Valerio Adami, a major figure in the Narrative Figuration movement, is returning to Brussels with a show at Galerie Templon, forty years after his last solo exhibition at the Palais des Beaux-Arts in 1966.
The Galerie Daniel Templon exhibition invites visitors on a journey around his recent works, marked by the familiar elegance of the artist-philosopher’s approach.
Valerio Adami puts together complex allegories in compositions that feature his favourite themes: travel, music, literature and theatre. Despite the sparkling colours that light up the canvases, the figures who populate them often seem to be prey to introspection and melancholy. Each scene describes “the imminence of a tragedy” (Daniel Arasse).
His highly distinctive painting style, with its blocks of colours outlined in black, conjures up the fragility of life and the possibility of salvation through art. Drawing – its lines inextricably linked to words – is a “way of thinking” while colour, which redefines it, gives it its character.
Ever present at the heart of his work, which he defines as philosophical interrogations of the verb, lies the concept of enigma, accompanied here by an abundance of literary references.
Valerio Adami lives in Paris, Monte Carlo and Meina (Italy). Born in 1935 in Bologna, Valerio Adami’s work is influenced by his time at Felice Carena's studio, his Venice meeting with Oskar Kokoschka, and his studies under Achille Funi at the Brera Academy in Milan.
He began exhibiting his work in 1958, including at Documenta III in Germany (1964), the Jewish Museum New York (1968), the Musée d’Art Moderne de la Ville de Paris (1970), the Centre Georges Pompidou in Paris (1985) and the Tel Aviv Museum in Israel (1996).
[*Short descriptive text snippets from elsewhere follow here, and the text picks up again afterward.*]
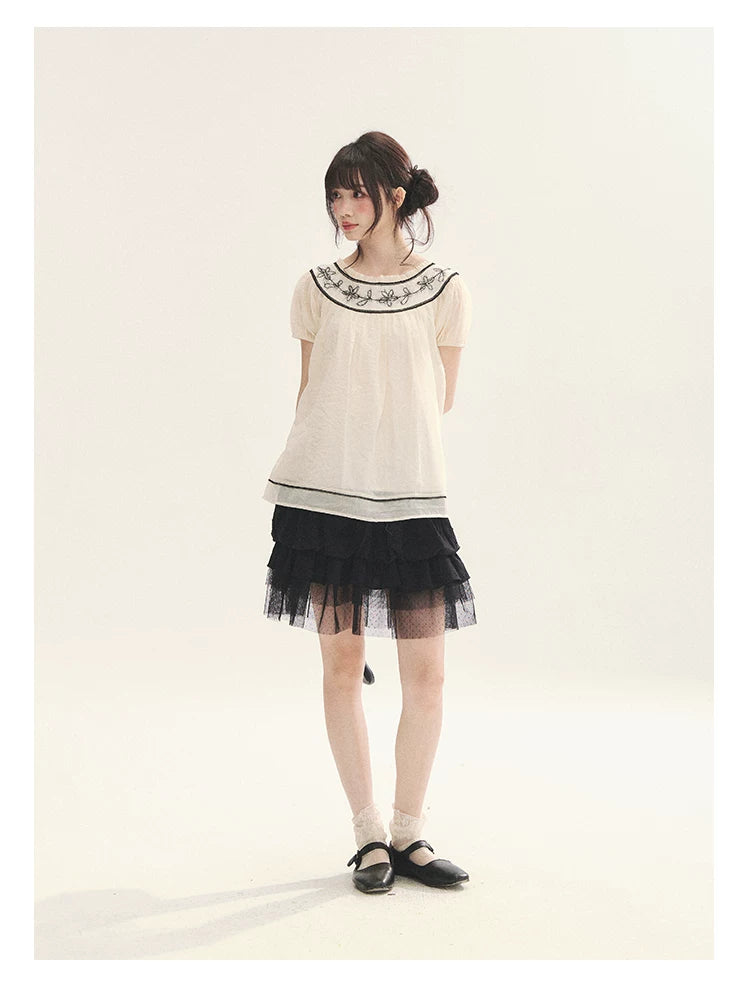 "Toasted Cookie" Yellow Flower Rope Embroidery Babydoll Top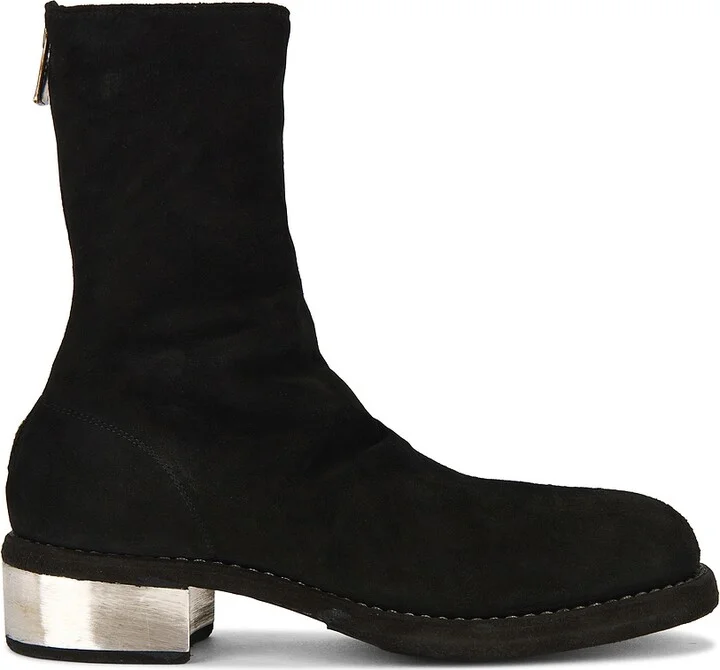 Guidi Metal Heel Back Zip Boot in Black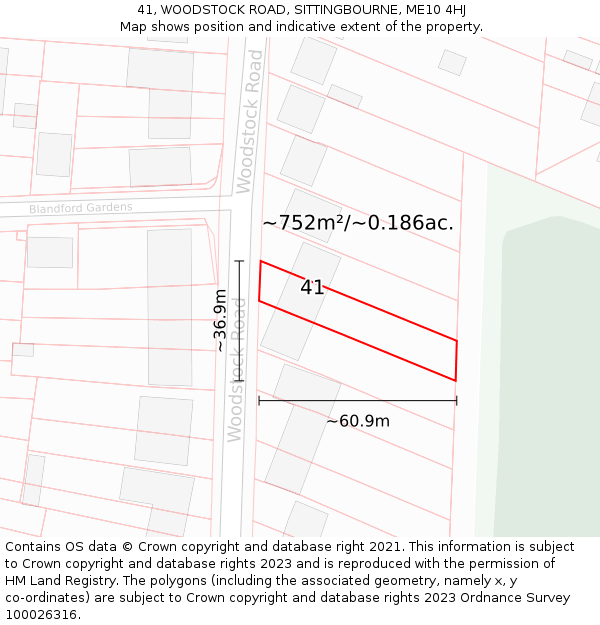 41, WOODSTOCK ROAD, SITTINGBOURNE, ME10 4HJ: Plot and title map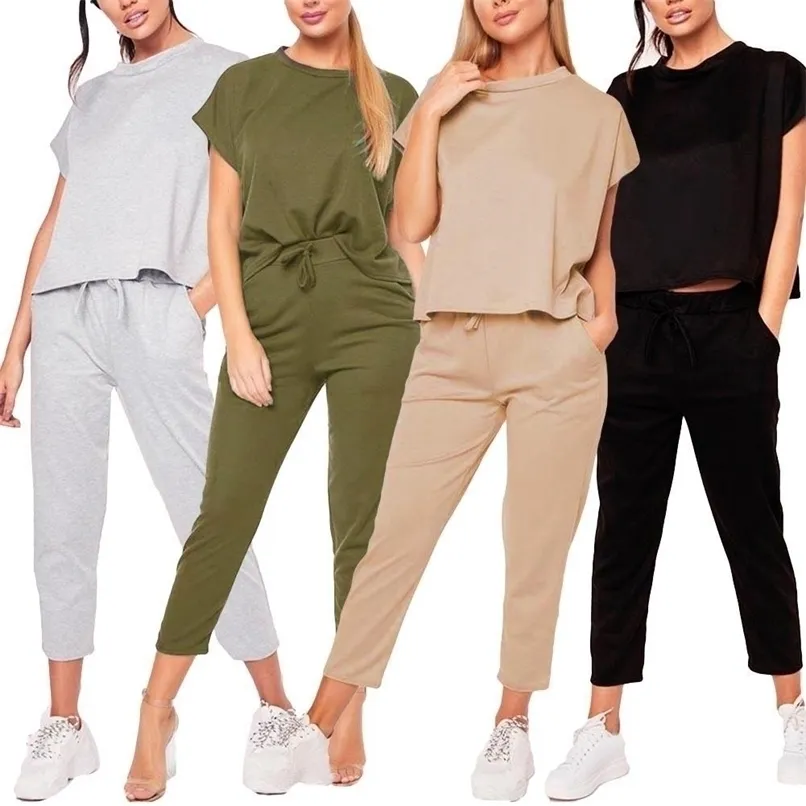 Summer Women Elegant Short Sleeve Pants Set Women Casual Outfits Jogger Two Piece Set Korean Sports Suit Solid Color Cotton TR D220611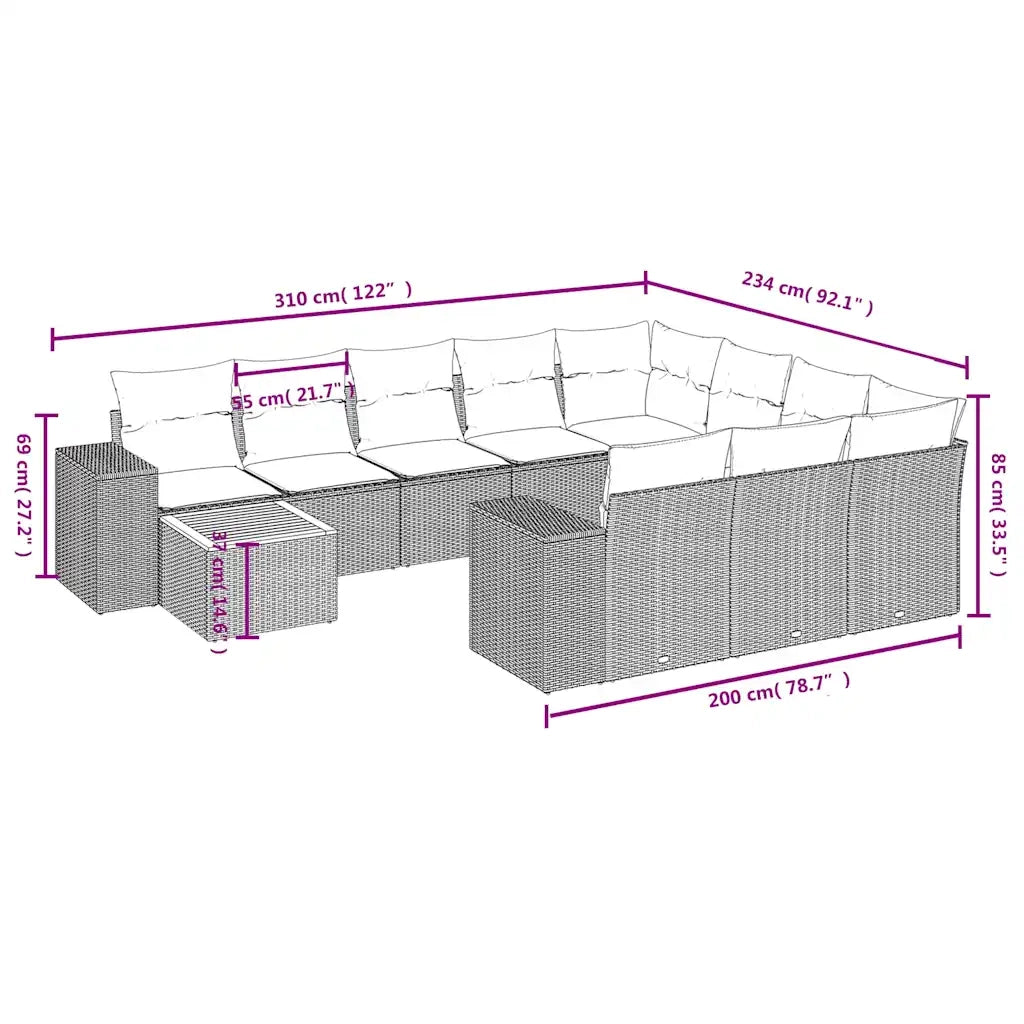 Set Divani da Giardino 11 pz con Cuscini Nero in Polyrattan 3225630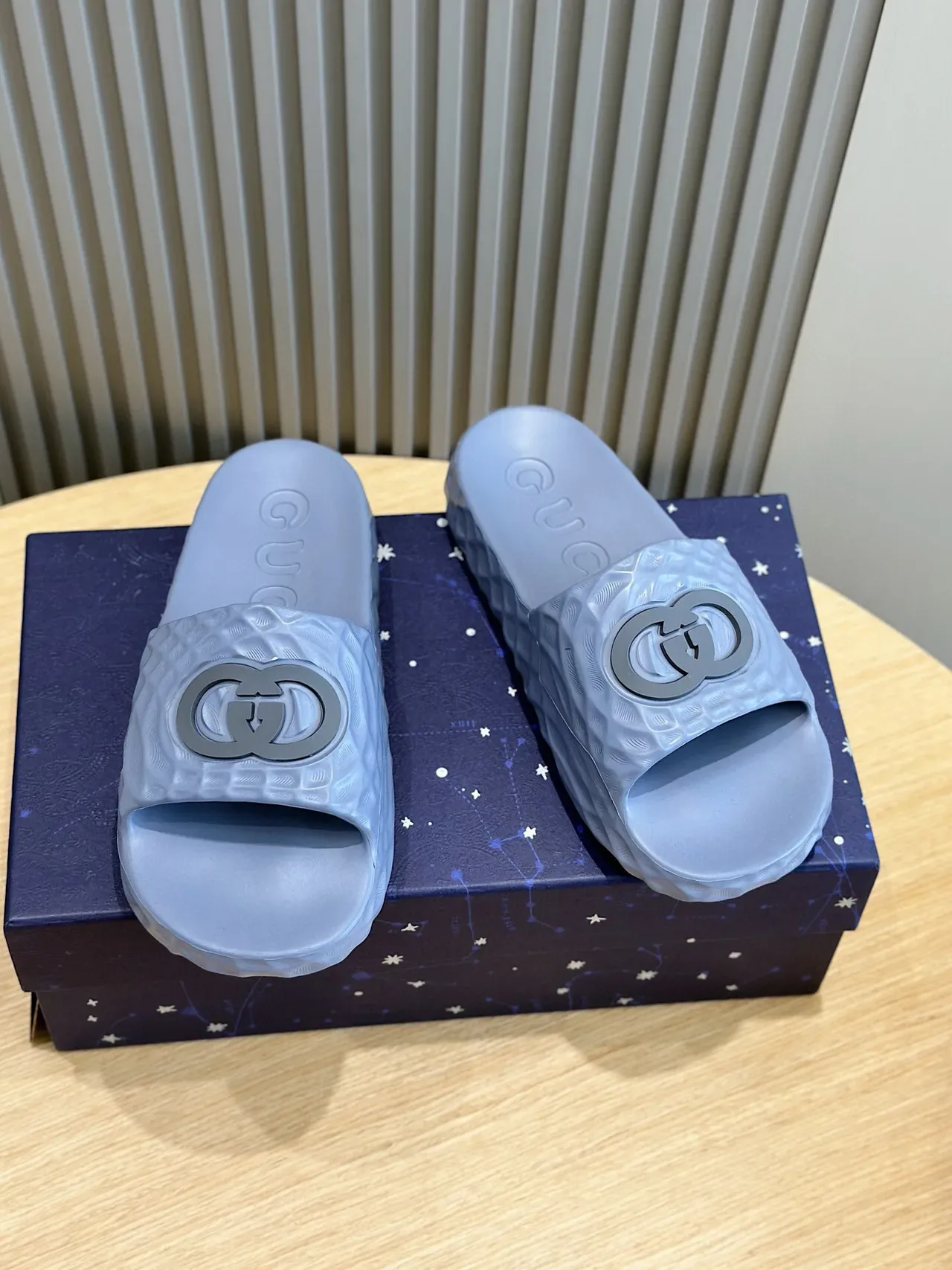 Gucci Screener Slide Translucent Gray Molded Rubber Slipper 2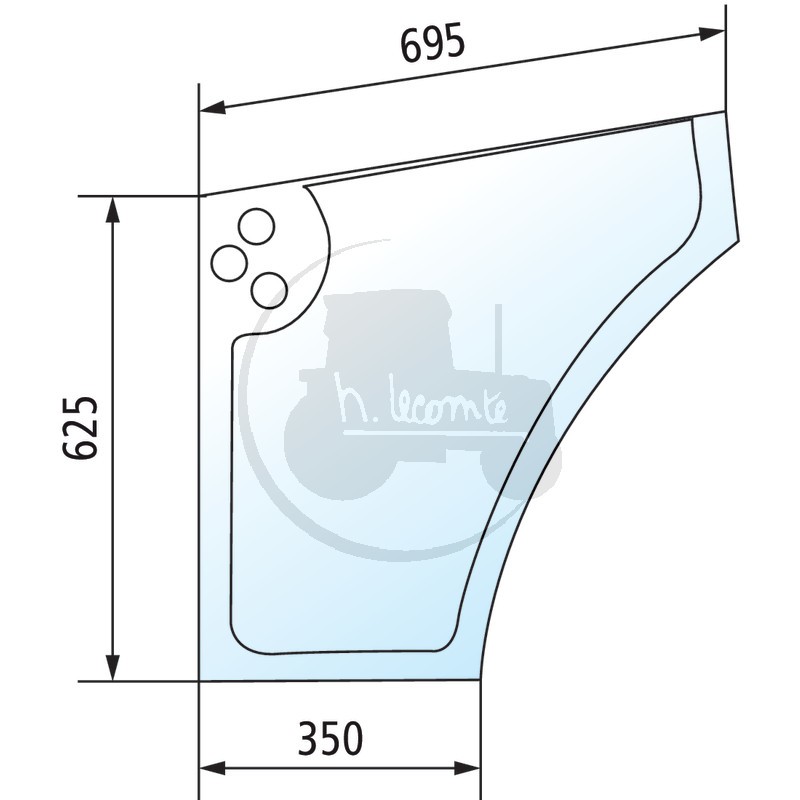 Vitre de porte inférieure gauche claire pour tracteurs Case IH et New Holland
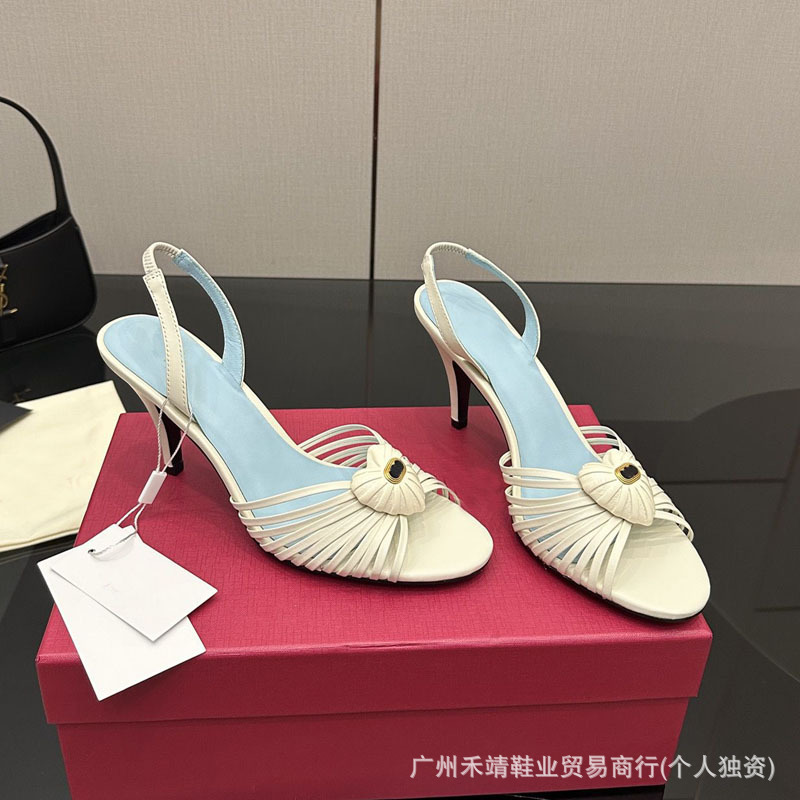 2025夏季新款牛皮小爱心一字带法式高跟鞋气质时尚夏天拖鞋外穿女|undefined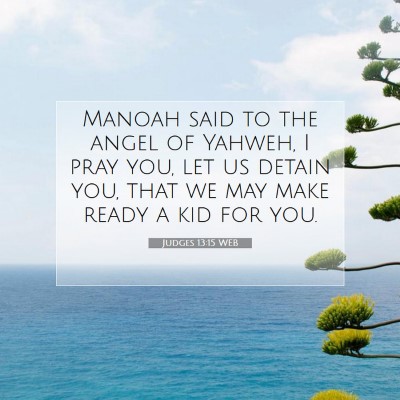 Picture 07 - Judges 13:15 WEB - Manoah said to the angel of Yahweh, I pray you, - Bible Verse Picture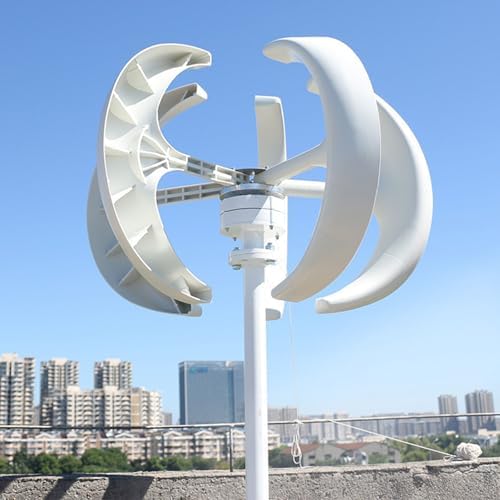 Wind Turbine Home Use Horizontal Generator Kits Blades with Controller to Charge Batteries Off Generator,4000W Vertical Wind Turbine Generator Kit - 12V/24V/48V 5 Blade 3 Phase AC Permanent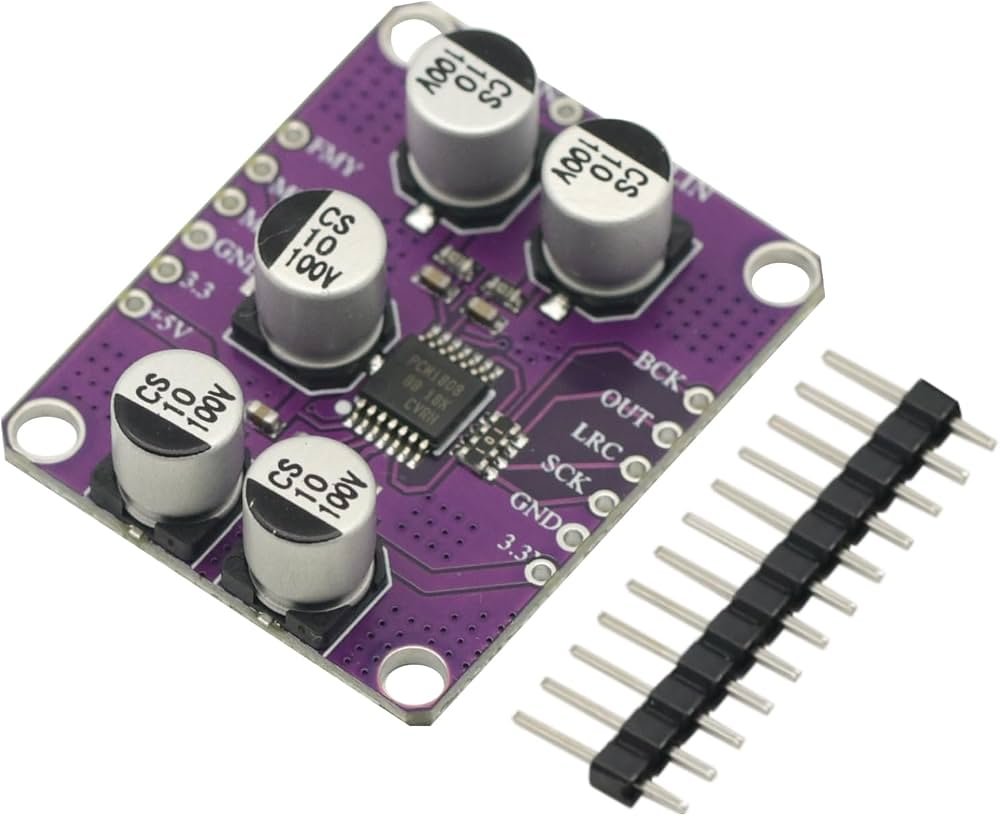 PCM1808 24 Bits ADC de Audio Estéreo 105dB SNR con Entrada Analógica Módulo PCM1808 ADC de audio estéreo 24 bits I2S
He has overseen the creation of a foundation dedicated to drawing based in Meina (Italy). He took part in the 2008 major exhibition on Narrative Figuration at the Grand Palais in Paris and exhibited at the Boca Raton Museum of Art in Florida in 2010.
A major retrospective of his work was held in 2015, travelling from Turin to Mantua then Perpignan. 2016 has seen the Vienna Secession exhibit his early drawings, his oils on canvas on show at the Chapelle Saint-Sauveur in Saint-Malo, and a retrospective.